▶ _Requirement_: From the first line to the last, restate the material word for word, omitting pictures.

▶ _Data segment_:
────────
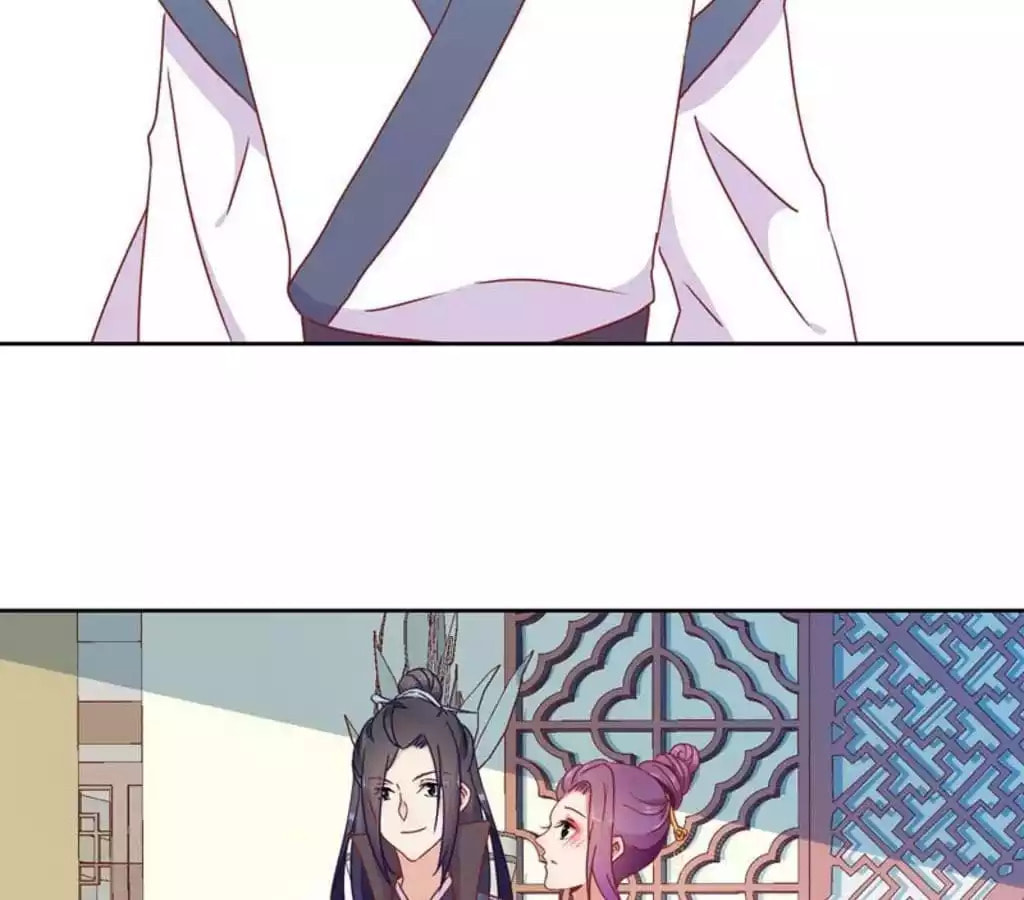 My Badboy Prince Chapter 36 page 36 - 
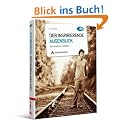 Der inspirierende Augenblick: Ein kreativer Leitfaden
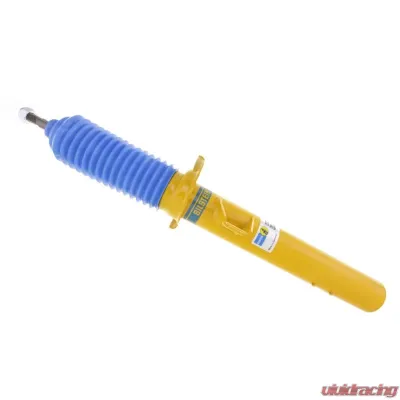 Bilstein B6 Performance - Suspension Strut Assembly BMW Z4 Front Right 2009-2016 - 35-170648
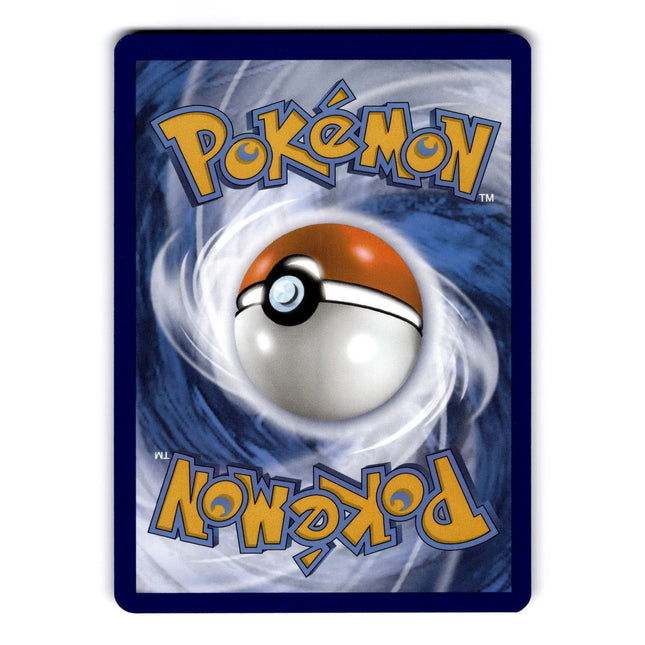 Togepi Common SV03: Obsidian Flames 083/197 NM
────────
▶ _Your solution_:
 My Badboy Prince Chapter 36 page 36 - 
 Der inspirierende Augenblick: Ein kreativer Leitfaden
 Bilstein B6 Performance - Suspension Strut Assembly BMW Z4 Front Right 2009-2016 - 35-170648
 Togepi Common SV03: Obsidian Flames 083/197 NM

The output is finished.